June 28, 2011 at 1:03 am
[…] Symptom and the symptom Posted by larvalsubjects under Uncategorized Leave a Comment My post on depression got me thinking once again about the difference between the psychoanalytic conception of the […]
June 29, 2011 at 7:00 pm
I’m happy to be the spokesperson for naive realism, though that is not in fact my position. It’s simply that there are mental conditions that do respond to drugs. Whether these are innate or not doesn’t affect my position. I suspect they are a combination of innate and environmental factors.
June 29, 2011 at 7:46 pm
Hi Levi,
In the UK is usually standard to offer standardized CBT courses as a compliment or alternative to SSRI’s. There is a tendency to conceptualize mental health issues in terms of exclusive biological or behavioural regimes of causality, as it is easier to assimilate to empirical studies which are in turn used to justify and account for use of allotted budget. In the UK with the NHS there is a pressure to obtain ‘value for tax payer’s money’ (and I’m sure there are equivalent pressures from insurance companies stateside regarding what are and are not approved treatments) which so called ‘talking therapies’ lose out on.
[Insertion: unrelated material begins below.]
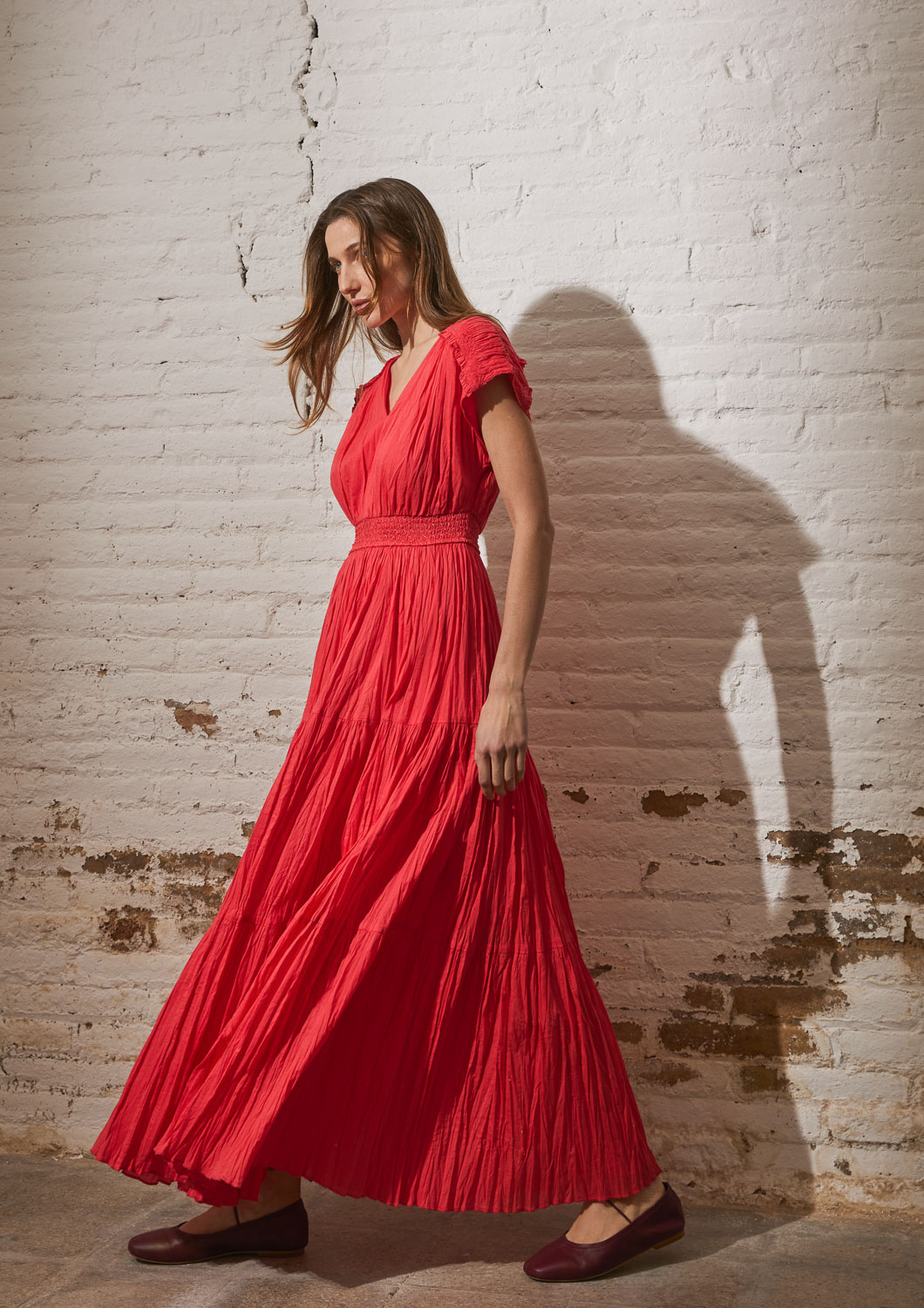 Vestido largo efecto arrugado.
There has been little reference regarding the role played by exercise in tackling depression so far. In my own personal experience those doctors who when comparing clinical trials see exercise as just as effect treatment as mediation and potentially see it as a replacement risk demonising the patient for not choosing not to exercise when in particular the individuals agency is that very thing that is compromised.
Will.
July 2, 2011 at 7:55 am
A couple of points:
1. Drugs don’t have side-effects, they have effects. To suggest that they have side-effects is to suggest that they have intentions or proper effects. They simply don’t. They people who proscribe them or take them may have intentions but the drugs themselves are what they are. Which then links to
2. Depression and schizophrenia are clearly discursive insofar as they are constructs. Few people would argue that this means that they are not related to something real. Rather the construct corals off a certain area of experience and calls this depression or schizophrenia (this is precisely how the DSM works). That the drugs do work is a rather naive claim. It is perhaps akin to the use if drones as a weapon against terror. Drones, the military claim, work. Perhaps, but what else do they do?
July 3, 2011 at 2:14 pm
Levi, I loved your daughter’s question about “The Scream.” I’ve enjoyed going to museums the most when I go with children.
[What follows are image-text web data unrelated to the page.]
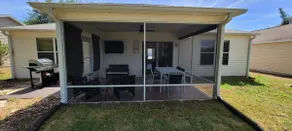 3/2 w/ Two Golf Carts (6 seats), ~1 mile Sumter - Image 5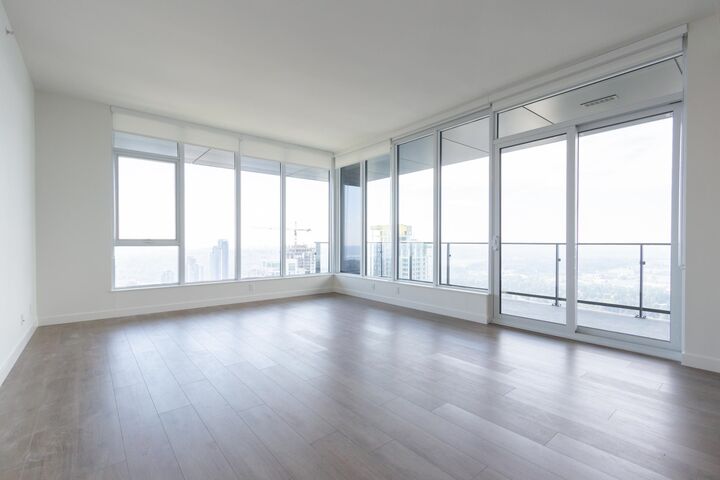 Property Photo: 537 Cottonwood Avenue 4203 BC V3J 0S4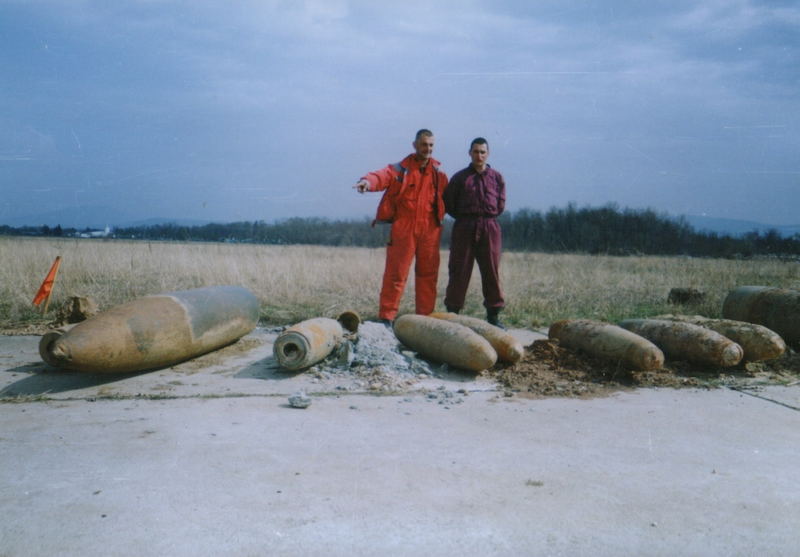 Photo of demining team from Bosnia(serbs0 in Serbia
You might be interested to know that the title of “The Scream” is actually “The Scream of Nature,” for some reason we’ve shortened the title or nick-named the painting.
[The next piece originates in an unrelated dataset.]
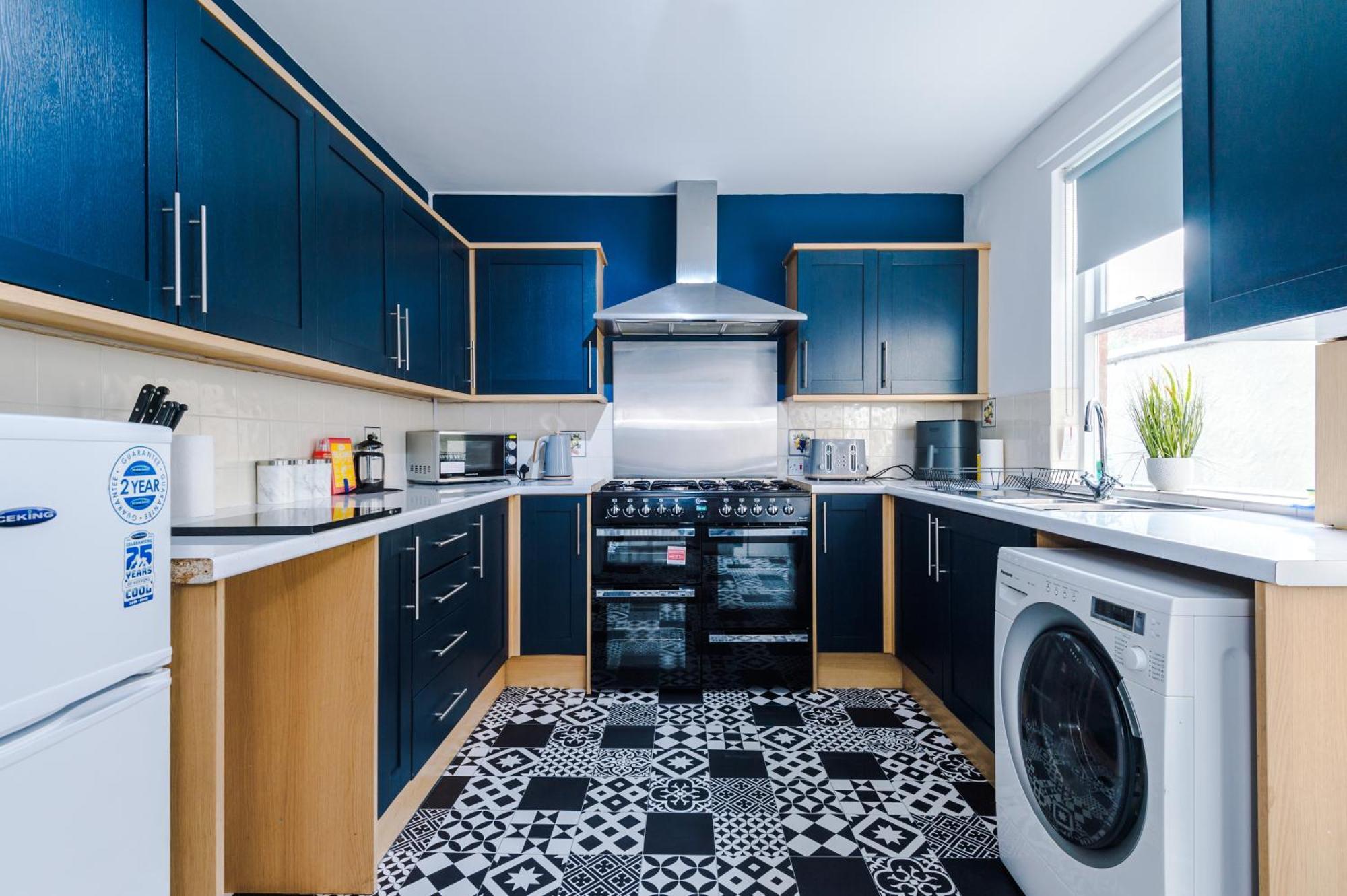 Large 7 Bedroom Town House In Chester City Centre Bagian luar foto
Munch explains the painting this way:
“I was walking along a path with two friends – the sun was setting – suddenly the sky turned blood red – I paused, feeling exhausted, and leaned on the fence – there was blood and tongues of fire above the blue-black fjord and the city – my friends walked on, and I stood there trembling with anxiety – and I sensed an infinite scream passing through nature.”
In many ways it meshes well with your thoughts about depression. What Munch is painting is not so much a subjective state, but a scream running through the world itself that we are caught up in.
In a way, our depressions are capitalism’s way of expressing itself through us. It’s using us to scream, weep, rage, etc.